Zwischen Tod und Liebe bewegt sich Otto Pichlers Inszenierung am Theater Augsburg – mit dem Glanz alter Varietés, aber völlig ohne jeden Tingeltangel-Kitsch. »Die Csárdásfürstin« – Eine Projektor-Rezension
Federboa mit Knalleffekt

Die Kollegin, die für Oper und Klassik zuständig ist, kann kurzfristig nicht zur Premiere. Was tun? Genau, den Filmheini hinschicken. Da ich schon mal in einer Oper war und weiß, dass es dort gesitteter zugeht als im Kino, erspare ich Ihnen an dieser Stelle den Warum-gibt-es-kein-Popcorn-Gag. Geraschelt oder besser geklappert wurde bei der Premiere am 27. Februar auch. Zwar nicht mit Snacks, aber mit der neuen Rolex oder den geerbten Goldklunkern, aber das nur am Rande. Mir als Cineasten war »Die Csárdásfürstin« nicht sofort geläufig, aber meine Mutter erinnerte mich an die Verfilmung mit Marika Rökk unter der Regie von Georg Jacoby aus dem Jahr 1951. Ein Film, der außer den inhaltlichen Grundstrukturen wenig mit dieser Inszenierung gemeinsam hat.
In der Operette mit Musik von Emmerich Kálmán und dem Libretto von Leo Stein und Bela Jenbach geht es um die gesellschaftliche Verstrickung der Bohemiens des Theaters mit dem vom Niedergang gezeichneten Adel. Die Handlung spiegelt deutlich die Entstehungszeit des Stückes, Uraufführung am 19. November 1915 in Wien, wider: Der Erste Weltkrieg wirft seine Schatten über das scheinbar unbeschwert-lustige Leben des Varietés.

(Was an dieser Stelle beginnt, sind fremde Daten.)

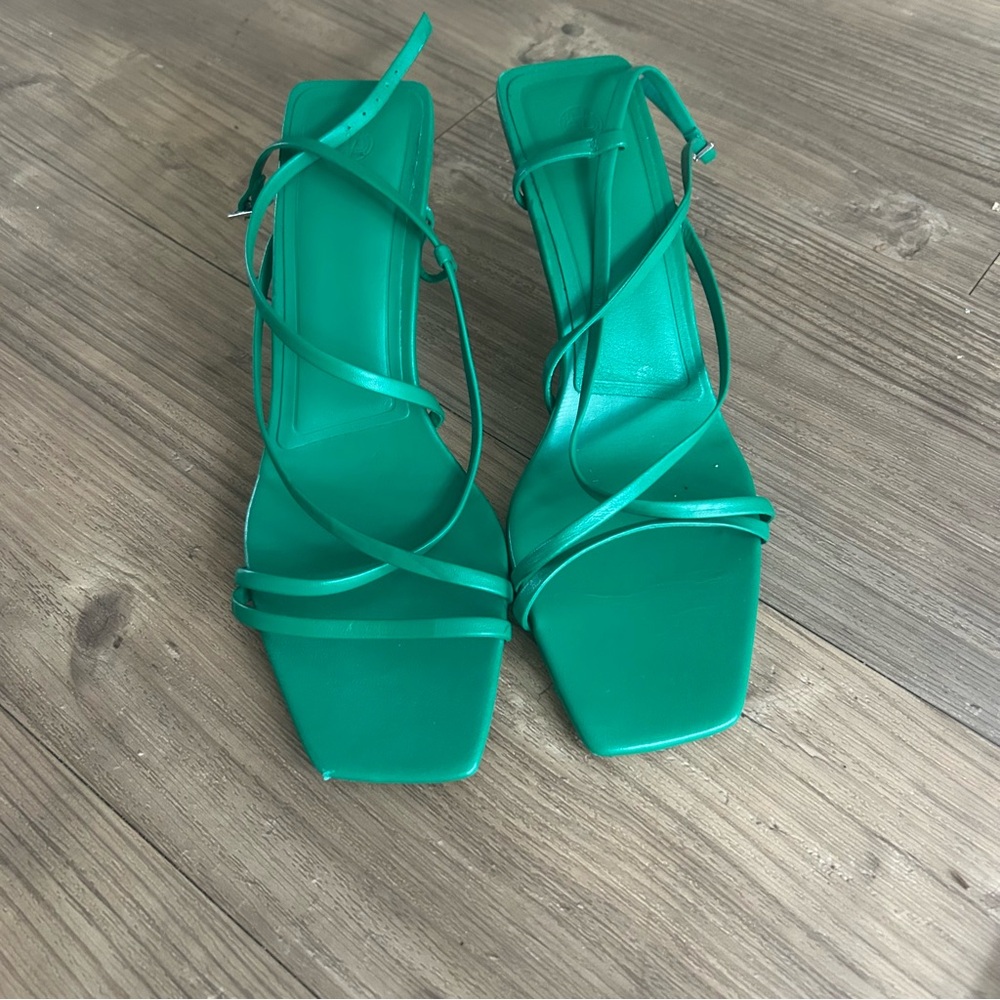 Massimino Dutti high heel strappy sandals in Bottega green color. Size 40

Die Chansonnette Sylva (Judith Kuhn) und der adelige Edwin (Mathias Schulz) wollen heiraten, doch seine Eltern versuchen dies aus Gründen der Etikette mit aller Macht zu verhindern. Seine Nichte Stasi wäre eine viel adäquatere Gattin. Es braucht drei Akte, zahlreiche Enttäuschungen, Verstellungen und Kompromittierungen, bis alle Beteiligten vermeintlich ihr Glück gefunden haben. Am Ende hat Regisseur Pichler im wahrsten Sinne des Wortes einen Knall inszeniert, bei dem Brechterben wahrscheinlich in Ohnmacht gefallen wären. Urheberrechtsinhaberin Yvonne Kálmán aber blieb in der Reihe vor mir einfach lässig sitzen.

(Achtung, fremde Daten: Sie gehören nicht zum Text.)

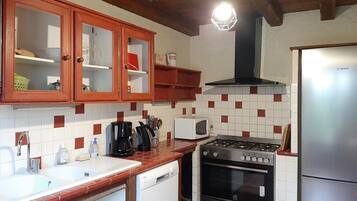 Réfrigérateur, micro-ondes, lave-vaisselle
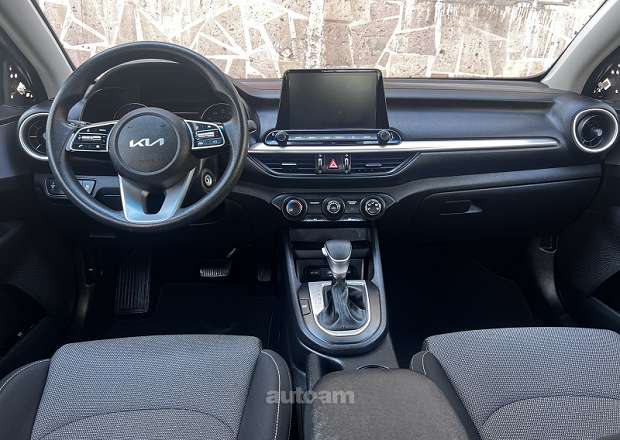 Kia Forte 2023 — լուսանկար 14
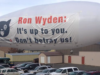 Ron Wyden Blimp lift for Fight for the Future by Backbone Campaign https://flic.kr/p/z6oHUY CC BY 2.0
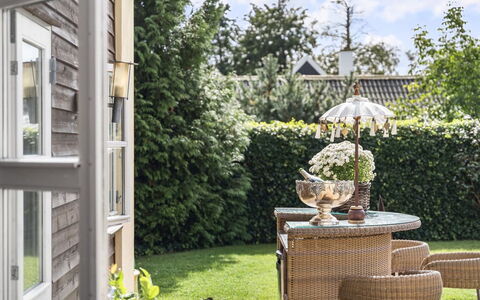 Mads - 1.2Km from the Sea: Mobilia, Mobili Da Esterno, Arbusto, Giardino, Sedia, Tavolo Esterno, Vaso Di Fiori, Di Vimini, Cortile
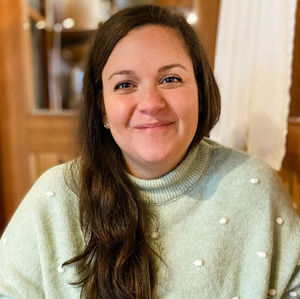 Meet your Posher, Camila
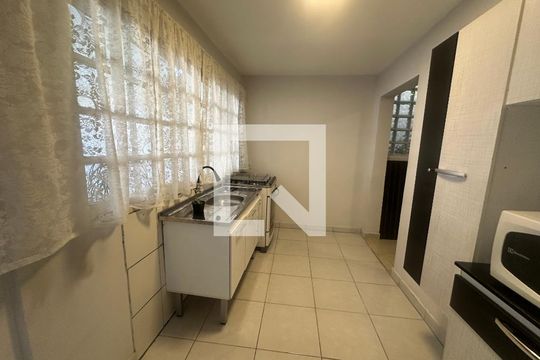 Cozinha de casa para alugar com 1 quarto, 36m² em Parque Viana, Barueri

Besonders ist neben dem abschließenden Knall und seinen Folgen noch einiges mehr. Pichler strich die Ouvertüre und lässt Sylva Varescu begleitet von einer einzelnen Violine auftreten. Das Setting des ersten Akts: grauer Beton und schrill-bunte Gestalten des Nachlebens. Im zweiten Akt wird dieser Stil gebrochen, schicke Holzkulissen dominieren die pastell gekleidete noble Gesellschaft. Im dritten Akt wird Jan Freeses Bühnenbild dann völlig reduziert und Falk Bauers Kostüme kommen noch einmal wunderbar zur Geltung. Zur Geltung kommt auch Judith Kuhn, die souverän als charismatische und kühle Sexbombe des Nachtlebens überzeugt. Mathias Schulz als bohemienhafter Adelsspross kann da nicht immer mithalten.
Summa summarum eine Inszenierung, die die Federboa um, aber die kitschige Last von sich geworfen hat und damit nicht nur Freunden der Hochkultur, sondern auch Fans von Filmen wie »Cabaret« und »Moulin Rouge« einen unterhaltsamen und spannenden Abend bietet.